= Lavingji Thakor =

Indian politician

Lavingji Muljiji Solanki Thakor (born 1955) is an Indian politician from Gujarat. He is a member of the Gujarat Legislative Assembly from Radhanpur Assembly constituency in Patan district. He won the 2022 Gujarat Legislative Assembly election representing Bharatiya Janata Party.

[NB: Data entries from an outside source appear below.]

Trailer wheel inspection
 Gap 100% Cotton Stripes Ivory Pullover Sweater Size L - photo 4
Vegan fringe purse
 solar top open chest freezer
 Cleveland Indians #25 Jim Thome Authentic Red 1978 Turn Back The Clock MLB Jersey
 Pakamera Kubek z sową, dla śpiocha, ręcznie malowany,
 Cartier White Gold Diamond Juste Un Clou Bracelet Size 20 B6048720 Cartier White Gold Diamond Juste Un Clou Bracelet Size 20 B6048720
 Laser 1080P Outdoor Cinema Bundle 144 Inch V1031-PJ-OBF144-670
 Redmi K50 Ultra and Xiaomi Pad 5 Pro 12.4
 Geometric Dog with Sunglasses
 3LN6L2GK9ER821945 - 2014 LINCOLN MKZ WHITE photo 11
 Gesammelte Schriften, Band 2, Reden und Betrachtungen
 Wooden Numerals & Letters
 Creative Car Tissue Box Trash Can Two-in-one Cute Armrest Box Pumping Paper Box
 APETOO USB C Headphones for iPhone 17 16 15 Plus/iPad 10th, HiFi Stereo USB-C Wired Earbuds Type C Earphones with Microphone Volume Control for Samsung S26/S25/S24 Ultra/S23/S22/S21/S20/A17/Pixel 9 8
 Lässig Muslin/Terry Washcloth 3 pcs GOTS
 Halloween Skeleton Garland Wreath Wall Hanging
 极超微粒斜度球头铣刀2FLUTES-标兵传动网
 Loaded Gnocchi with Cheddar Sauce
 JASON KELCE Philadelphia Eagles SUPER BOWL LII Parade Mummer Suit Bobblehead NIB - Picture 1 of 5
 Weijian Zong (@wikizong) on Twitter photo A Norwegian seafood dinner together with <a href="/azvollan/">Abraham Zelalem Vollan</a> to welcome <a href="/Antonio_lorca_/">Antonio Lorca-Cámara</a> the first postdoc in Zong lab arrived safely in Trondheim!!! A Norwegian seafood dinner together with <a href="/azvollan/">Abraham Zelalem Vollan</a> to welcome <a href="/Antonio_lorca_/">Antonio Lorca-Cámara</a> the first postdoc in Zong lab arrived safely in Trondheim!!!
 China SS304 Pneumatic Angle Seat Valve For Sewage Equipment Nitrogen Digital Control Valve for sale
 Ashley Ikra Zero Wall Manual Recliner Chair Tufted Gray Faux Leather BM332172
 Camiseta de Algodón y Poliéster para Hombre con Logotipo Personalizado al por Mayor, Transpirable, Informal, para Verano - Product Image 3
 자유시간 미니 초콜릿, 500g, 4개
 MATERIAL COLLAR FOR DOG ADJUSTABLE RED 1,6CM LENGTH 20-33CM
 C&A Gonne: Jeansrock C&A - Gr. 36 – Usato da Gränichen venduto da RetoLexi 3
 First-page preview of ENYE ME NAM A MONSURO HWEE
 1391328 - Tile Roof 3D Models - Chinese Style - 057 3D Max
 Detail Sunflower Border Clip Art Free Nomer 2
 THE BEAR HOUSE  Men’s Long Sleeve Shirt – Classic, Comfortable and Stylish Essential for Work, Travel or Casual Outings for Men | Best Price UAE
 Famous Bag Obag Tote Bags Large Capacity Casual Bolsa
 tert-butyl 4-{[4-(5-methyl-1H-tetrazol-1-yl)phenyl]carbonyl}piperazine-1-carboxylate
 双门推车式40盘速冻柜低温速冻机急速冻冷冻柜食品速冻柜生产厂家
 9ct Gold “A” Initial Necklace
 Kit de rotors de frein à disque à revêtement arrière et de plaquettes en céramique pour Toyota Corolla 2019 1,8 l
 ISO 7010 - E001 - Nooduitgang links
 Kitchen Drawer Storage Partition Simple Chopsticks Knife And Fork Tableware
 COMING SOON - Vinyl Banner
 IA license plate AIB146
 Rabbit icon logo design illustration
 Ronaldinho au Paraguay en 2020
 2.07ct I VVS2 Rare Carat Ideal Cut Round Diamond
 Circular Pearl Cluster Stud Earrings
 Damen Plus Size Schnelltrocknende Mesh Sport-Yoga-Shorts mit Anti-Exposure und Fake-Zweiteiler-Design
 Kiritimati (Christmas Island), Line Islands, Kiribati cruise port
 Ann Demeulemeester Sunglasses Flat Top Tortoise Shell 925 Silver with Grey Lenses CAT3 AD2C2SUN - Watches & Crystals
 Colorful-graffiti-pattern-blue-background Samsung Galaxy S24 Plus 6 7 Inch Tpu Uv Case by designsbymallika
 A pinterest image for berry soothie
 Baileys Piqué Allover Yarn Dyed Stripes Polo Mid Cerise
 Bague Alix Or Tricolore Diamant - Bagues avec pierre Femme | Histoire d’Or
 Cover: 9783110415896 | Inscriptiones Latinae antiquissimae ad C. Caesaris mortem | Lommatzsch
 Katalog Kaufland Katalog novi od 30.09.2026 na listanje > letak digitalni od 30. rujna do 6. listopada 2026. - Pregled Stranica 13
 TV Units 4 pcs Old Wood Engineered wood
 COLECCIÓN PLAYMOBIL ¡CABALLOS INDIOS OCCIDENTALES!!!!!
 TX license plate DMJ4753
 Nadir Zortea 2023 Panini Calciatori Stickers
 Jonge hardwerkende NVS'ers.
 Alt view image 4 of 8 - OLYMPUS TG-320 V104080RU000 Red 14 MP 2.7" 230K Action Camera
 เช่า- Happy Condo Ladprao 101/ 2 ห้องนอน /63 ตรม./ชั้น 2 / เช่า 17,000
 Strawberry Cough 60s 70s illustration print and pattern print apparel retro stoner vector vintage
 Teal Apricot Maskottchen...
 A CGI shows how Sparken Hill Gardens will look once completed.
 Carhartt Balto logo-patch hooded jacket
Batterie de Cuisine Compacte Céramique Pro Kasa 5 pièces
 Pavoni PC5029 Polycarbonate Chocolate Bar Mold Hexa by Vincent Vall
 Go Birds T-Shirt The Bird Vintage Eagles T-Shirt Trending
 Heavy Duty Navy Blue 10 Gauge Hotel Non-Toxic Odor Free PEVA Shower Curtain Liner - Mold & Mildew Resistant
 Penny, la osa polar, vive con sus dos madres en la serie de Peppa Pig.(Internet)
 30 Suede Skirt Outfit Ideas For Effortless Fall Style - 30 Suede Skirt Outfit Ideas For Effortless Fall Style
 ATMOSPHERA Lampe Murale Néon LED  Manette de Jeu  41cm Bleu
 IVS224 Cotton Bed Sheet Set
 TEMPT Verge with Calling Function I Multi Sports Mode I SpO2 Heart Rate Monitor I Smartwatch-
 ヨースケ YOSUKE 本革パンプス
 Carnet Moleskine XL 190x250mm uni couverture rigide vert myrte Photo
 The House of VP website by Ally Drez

== Early life and education ==
Thakor is from Radhanpur, Patan district, Gujarat. He is the son of Muljiji Solanki. He studied at the Primary School, Parsud, Santalpur taluk, Patan district, till Class 4 and later discontinued his studies. His profession before entering political life was farming.

== Career ==
Thakor won from Radhanpur Assembly constituency representing the Bharatiya Janata Party in the 2022 Gujarat Legislative Assembly election. He polled 104,512 votes and defeated his nearest rival, Raghubhai Desai of the Indian National Congress, by 22,467 votes. He became an MLA for the first time winning the Radhanpur seat in the 1995 Gujarat Legislative Assembly election as an independent candidate. He lost the 2017 Gujarat Legislative Assembly election to Alpesh Khadaji Thakor of the Indian National Congress by 14,857 votes.